A proper sledge

Darren Lehmann shows how a proper sledge is delivered…

Australia coach Darren Lehmann has, in an extraordinary outburst against England allrounder Stuart Broad, underlined his anger over Broad’s decision to not walk at a crucial juncture of the first Test by calling for Australian crowds to get at Broad in the return Ashes series later this year.

“Certainly our players haven’t forgotten, they’re calling him everything under the sun as they go past,” Lehmann said in an interview to the TripleM station. “I hope the Australian public are the same because that was just blatant cheating. I don’t advocate walking but when you hit it to first slip it’s pretty hard.” 

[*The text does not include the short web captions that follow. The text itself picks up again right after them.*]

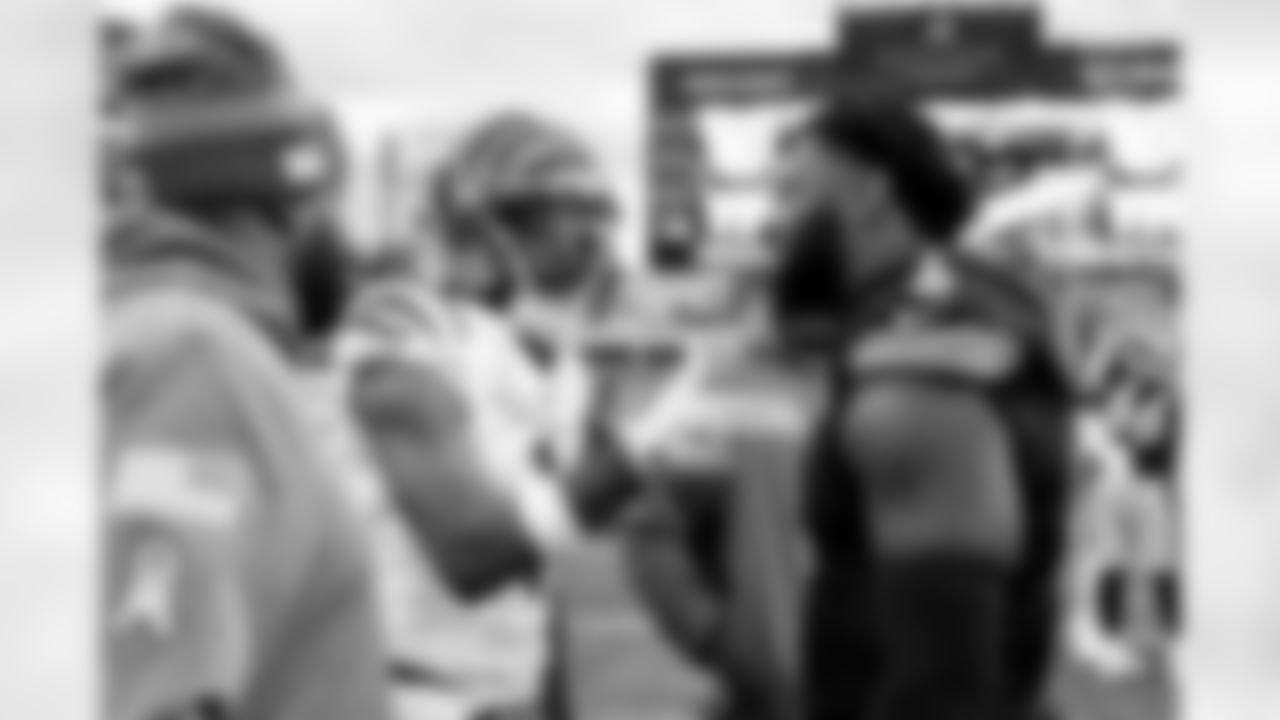 Pittsburgh Steelers linebacker Patrick Queen (6) during a regular season game between the Pittsburgh Steelers and the Cincinnati Bengals, Sunday, Nov. 16, 2025 in Pittsburgh, PA. (Alysa Rubin / Pittsburgh Steelers)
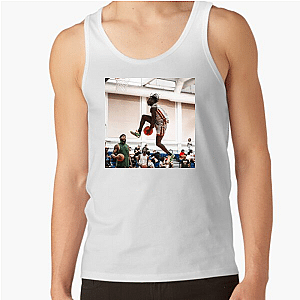 Digital Fashion Influencer Raye Mckinney Tank Tops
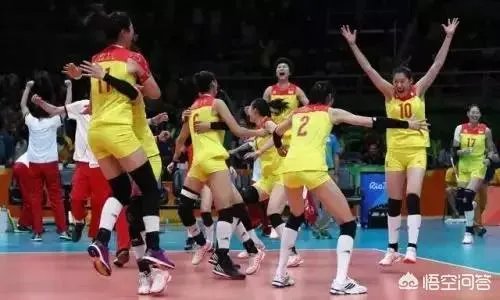 8月23日中国女排Vs韩国队，中国队以25-21拿下首局，中国女排胜在什么地方？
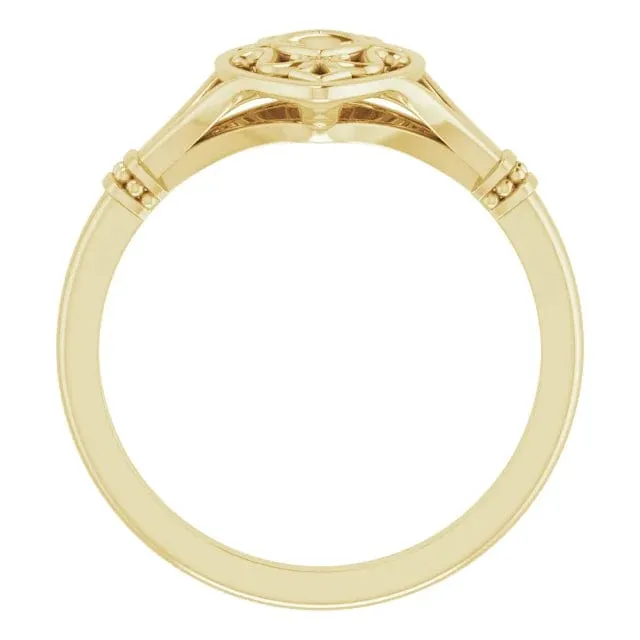 Vintage Inspired Ring - Special Order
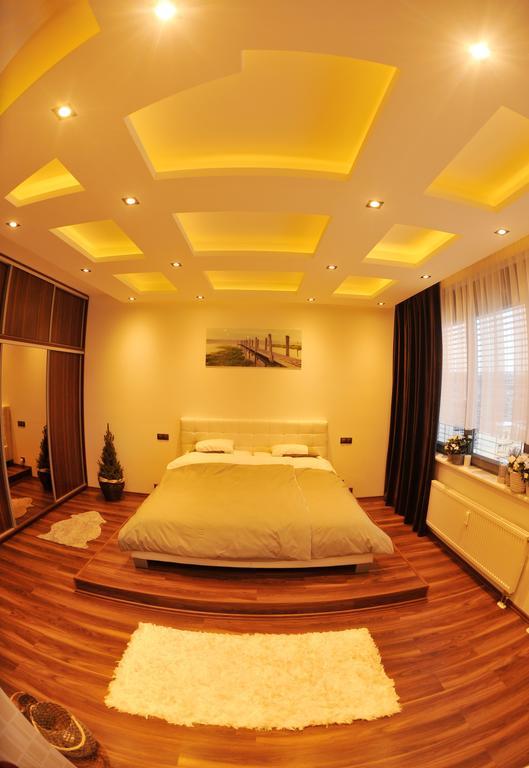 Apartment Lupacova Prague Exterior photo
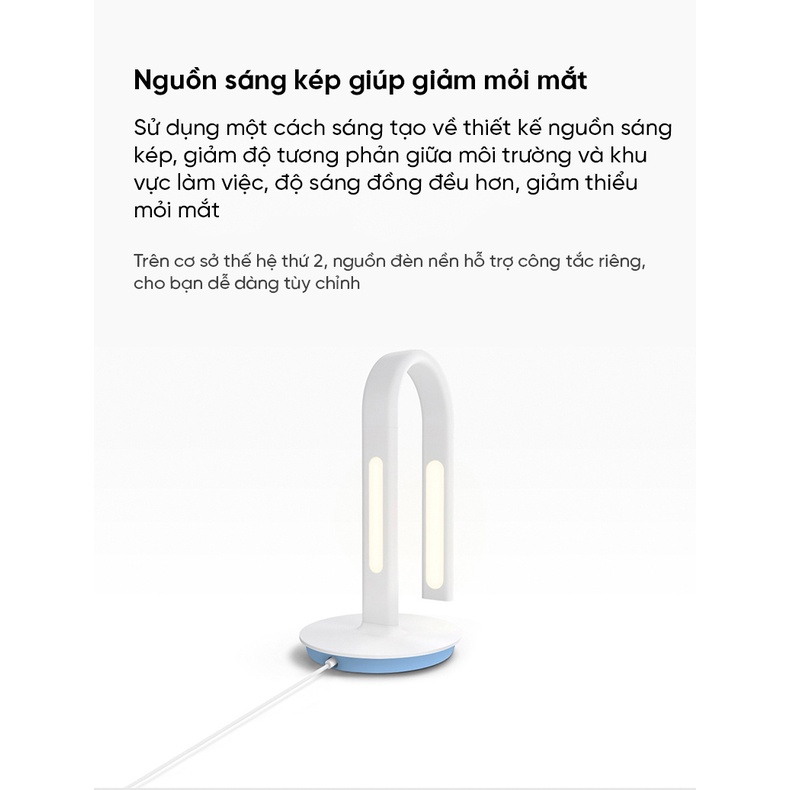 Đèn bàn thông minh Mijia Philips Eyecare 2S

Lehmann’s comments come a day ahead of the final Test at the Oval, with Australia striving to avoid an unprecedented fourth Test defeat in a Ashes series. It might have turned out to be a closer contest had Broad walked after edging into the keeper’s leg, with the ball then carrying to slip, in a tightly fought first Test. Instead, he stood his ground and was involved in a match-changing 138-run stand with Ian Bell for the seventh wicket.

“From my point of view I just hope the Australian public give it to him right from the word go for the whole summer and I hope he cries and he goes home,” Lehmann said. “I just hope everyone gets stuck into him because the way he’s carried on and the way he’s commented in public about it is ridiculous.

“He knew he hit it to slip. The biggest problem there is the poor umpire cops all the crap that he gets in paper and Stuart Broad makes him look like a fool. From my point of view it’s poor, so I hope the public actually get stuck into him.”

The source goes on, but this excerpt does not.